I remember reading a funny dialogue written by Sir Arthur Eddington about this problem in the context of geometry (you sure can Google up more about mass…) See here (search for the prologue), and maybe compare this to the problem of definition of mass. Do some thinking for your self, it can be fun!

How is that possible? We started from chaos (disorder) and due to gravitational forces we see an orderly development and evolution of the universe. How can chaos be related to gravity?

The Big Bang is a state of a extremely low entropy.

Since a finite universe is an isolated system, the Second Law of Thermodynamics states that its total entropy is constantly increasing.

And:

If the universe can be considered to have generally increasing entropy, then—as Sir Roger Penrose has pointed out—gravity plays an important role in the increase because gravity causes dispersed matter to accumulate into stars, which collapse eventually into black holes. The entropy of a black hole is proportional to the surface area of the black hole’s event horizon. Jacob Bekenstein and Stephen Hawking have shown that black holes have the maximum possible entropy of any object of equal size.

No, it is not. I do not say that mass is fictitious in the way unicorns are. I say that Newton’s ‘quantity of matter’ is not an independent physically operative definition of mass.

But you wrote:

But it has no physical meaning, like the unicorn.

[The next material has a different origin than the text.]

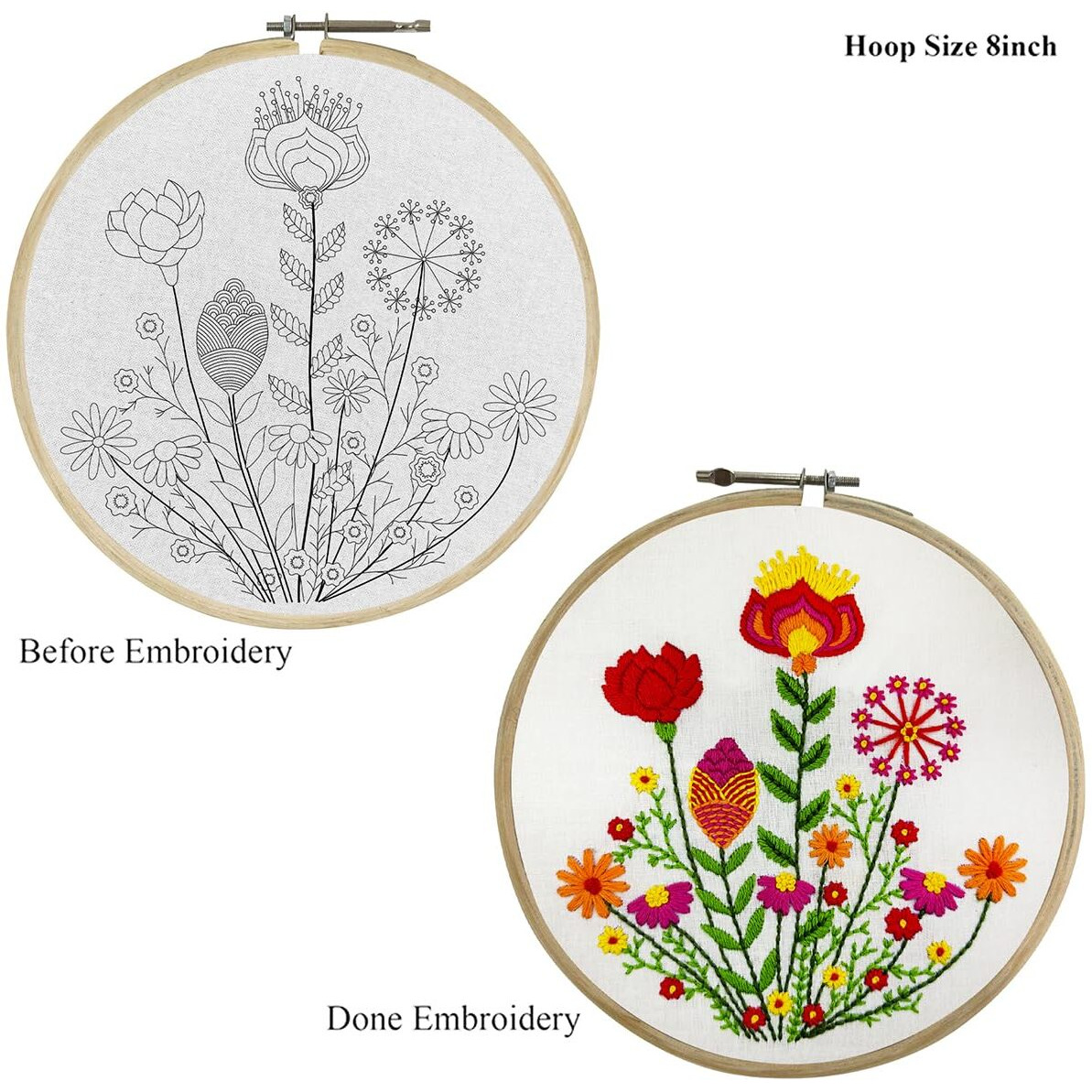 Embroiderymaterial Kit For Beginners & Kids To Learn Basic Cross Stitch Embroidery/Digital Printed Cloth Fabric, Instructions Papers, Threads & Needles All Materials Included, Multicolor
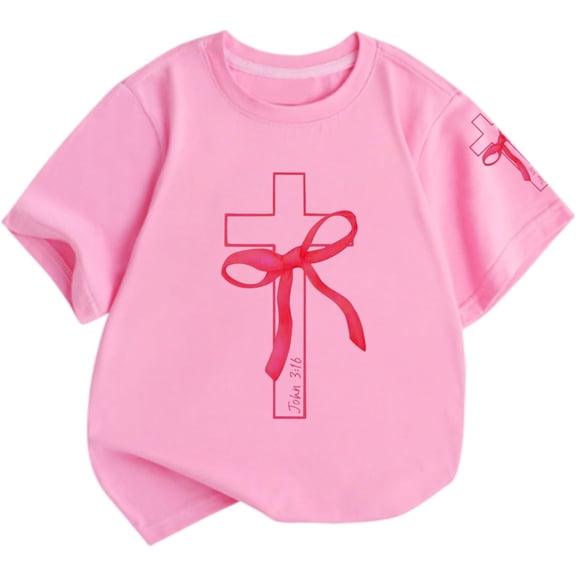 shoper Girls Cute Christian Shirts Kids Pink Bow Shirt Jesus God Faith Tshirts Verse Graphic Tee Tops (Pink)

Are you saying “quantity of matter” is a logical fiction?

The objects they appear to denote do not have their own being and are not constituents of reality.

They are also called pseudo-objects.

The difference is that ‘mass’ is connected to things in the real world, because I have operative procedures with which I can measure it. I can put objects on a weighing machine, or I can measure their inertia with a spring. The problem with that is that they are not independent definitions: with the weighting machine I presuppose gravity, with inertia I am presupposing ‘F = ma’. When I define mass as ‘density times volume’, I must ask what ‘density’ is. Well, it is the amount of matter divided by volume… it is perfectly circular.

Measurement of objects with apparatus are only operational procedures to obtain “quantity of mass”, not definitions. Also, Newton did not define mass as density times volume.

‘Properties’? Is that against the idea that the definitions are circular?

The properties of mass show that mass is real and has effect. Thus, mass is not a logical fiction.

Exactly. I never said one of these things. But I said that the definitions of mass, force (and I can add gravity to it) are circular, they cannot be defined independently of each other.

You wrote “we cannot use it if we do not make it physically operative” and “no physical meaning” wrt mass as “quantity of matter”.

Thus, Newton’s definition of mass as “quantity of matter” is not circular.

kkwan, please give me the way how you determine the ‘quantity of mass’ of an object, without using any force.

To be more specific, how can you say that the mass of an object e.g. is 1 kg without:

1. Using gravity (a force)
2. Determining its inertia (using some other force)
3. Compare it to another fixed mass (this is just shifting the problem, compare it with Arthur Eddington’s dialogue about length)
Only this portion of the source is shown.